About this task
Look in the listing below for the line that has "Heavy Stainless Steel", then return it and each following line up to and including the one with "con romántico detalle", exactly and without pictures.

Records for this task
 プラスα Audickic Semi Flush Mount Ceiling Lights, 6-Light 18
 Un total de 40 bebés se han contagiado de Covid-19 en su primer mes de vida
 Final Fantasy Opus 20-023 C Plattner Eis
---
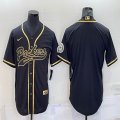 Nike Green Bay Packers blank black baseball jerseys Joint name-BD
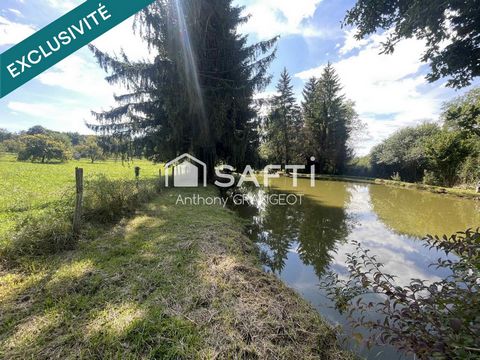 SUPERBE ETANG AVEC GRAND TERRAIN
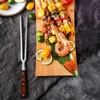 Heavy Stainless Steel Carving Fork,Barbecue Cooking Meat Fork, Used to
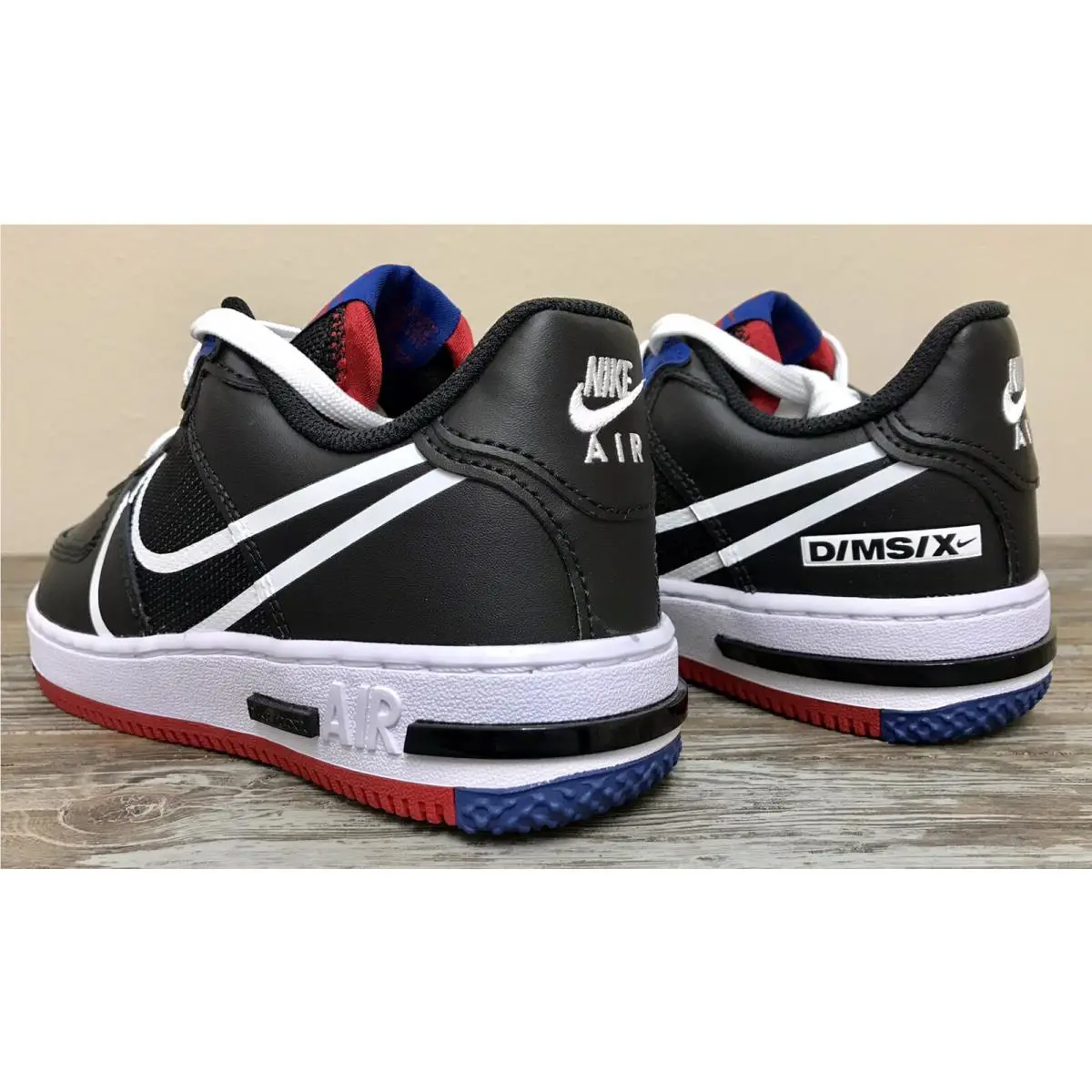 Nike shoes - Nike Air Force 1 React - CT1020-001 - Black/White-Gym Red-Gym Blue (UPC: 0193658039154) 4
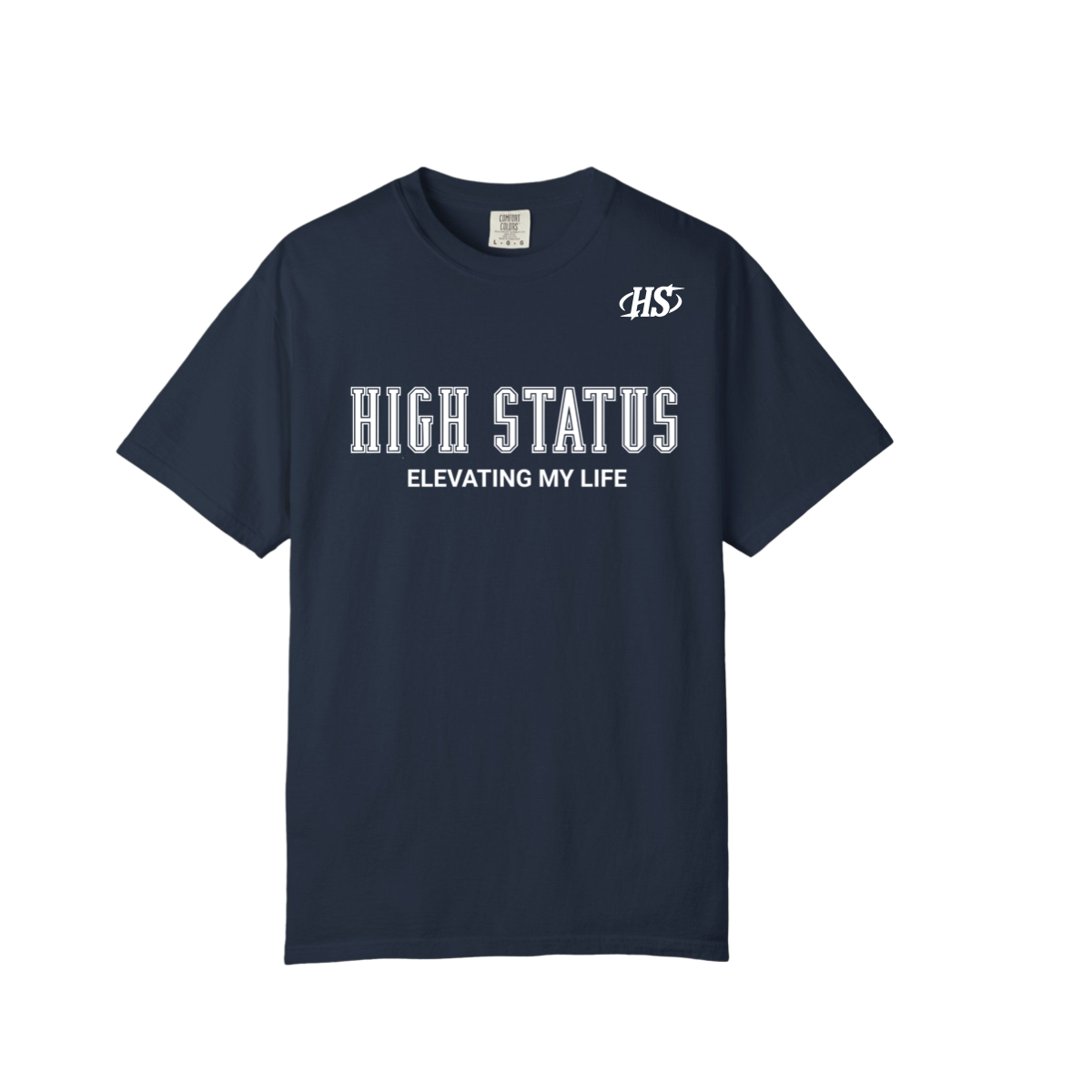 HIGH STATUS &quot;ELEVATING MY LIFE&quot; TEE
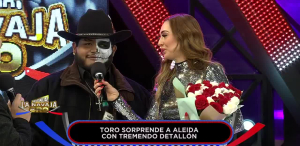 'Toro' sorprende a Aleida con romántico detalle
...
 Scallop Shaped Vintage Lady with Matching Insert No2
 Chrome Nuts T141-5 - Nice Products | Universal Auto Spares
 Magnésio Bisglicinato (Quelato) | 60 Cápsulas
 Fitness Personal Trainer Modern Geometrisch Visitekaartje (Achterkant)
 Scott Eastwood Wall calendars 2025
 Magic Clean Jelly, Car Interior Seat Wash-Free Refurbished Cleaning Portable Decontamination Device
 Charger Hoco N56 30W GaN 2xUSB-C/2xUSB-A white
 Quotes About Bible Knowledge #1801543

Written solution
 Heavy Stainless Steel Carving Fork,Barbecue Cooking Meat Fork, Used to
 Nike shoes - Nike Air Force 1 React - CT1020-001 - Black/White-Gym Red-Gym Blue (UPC: 0193658039154) 4
 HIGH STATUS &quot;ELEVATING MY LIFE&quot; TEE
 'Toro' sorprende a Aleida con romántico detalle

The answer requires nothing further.